But Salinger's loss meant we had come down a few notches so it was time to
cash in. Three campaigns - city, state and county - had taught me much
but it was time to head back to the safety and comfort of the university
campus. I went back to SF State and entered their graduate program,
teaching "Introduction to the Humanities." I was burned out and lecturing
on Homer's "Iliad" was a good change of pace. After the turmoil of nearly
two years in politics including JFK's assassination, I found solace in
Plato's "Republic." He had tried to integrate a personal, social and
metaphysical philosophy in a way that I had not found since, in a form
(dialogue) that I found refreshing. Coupled with my growing interest in
philosophical psychology, it gave me a chance to recover so I "retired"
from my activism days.

A couple of years later I was awarded my Associate position at UC Davis.
While teaching two "Introduction to Philosophy" classes a quarter, I could
pursue my other interests, starting with Plato.

One day, I had an epiphany into Plato that stunned me. I had managed to
convert a "flaw" in one of his dialogues into an actual "key" to unlock
some of his most basic enigmas. I was so excited that I quickly called the
only Greek scholar we had on the faculty who, unfortunately, was an
Aristotelian. For two hours I filled a blackboard in his office and
expounded my theory, answering all of his questions, or at least I felt I
did. He finally shrugged and said he would have to think about it. I
walked out dejected and met a visiting Russian professor that I had come
to know. He invited me into his office and coaxed my theory from meI
managed to get it down to less than an hour, including his few,
intelligent questions.. At the end of it, he rubbed his chin and said,
"You know, I've never seen this approach to Plato. Is this your doctorate
thesis?"

"Nope," I said as I tossed the chalk into the tray. "I'm done."
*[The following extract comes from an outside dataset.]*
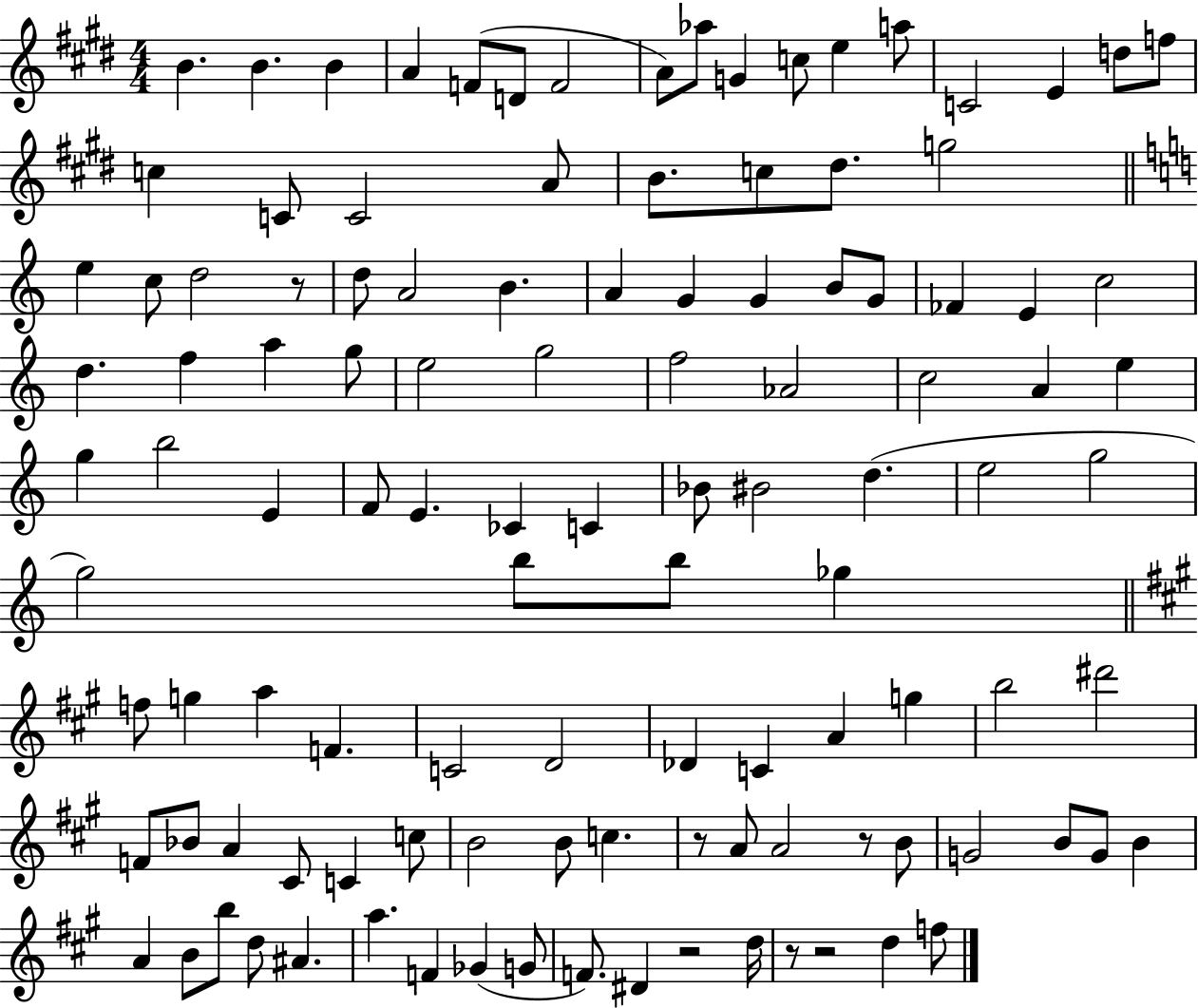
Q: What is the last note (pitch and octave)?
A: F5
And I was. After years of work, Plato was resolved for me. Now I merely
had to find a way to integrate Plato's work with the modern insights into
the human mind, as it was being developed through computer models and
artificial intelligence.

A few weeks later, Martin Samuels was telling me how Plato had been taken
to the next level by L. Ron Hubbard. I was intrigued, especially with an
organization that had a "Guardian" structure, right out of "The Republic."

"Let's do it," I said to Martin. "What do I do next?"

"You get audited," Martin replied.

"Sounds good," I said. "What's auditing?"

_________________

* The field developed on its own and came to be known as "Cognitive
Science." Universities now offer degrees in the subject.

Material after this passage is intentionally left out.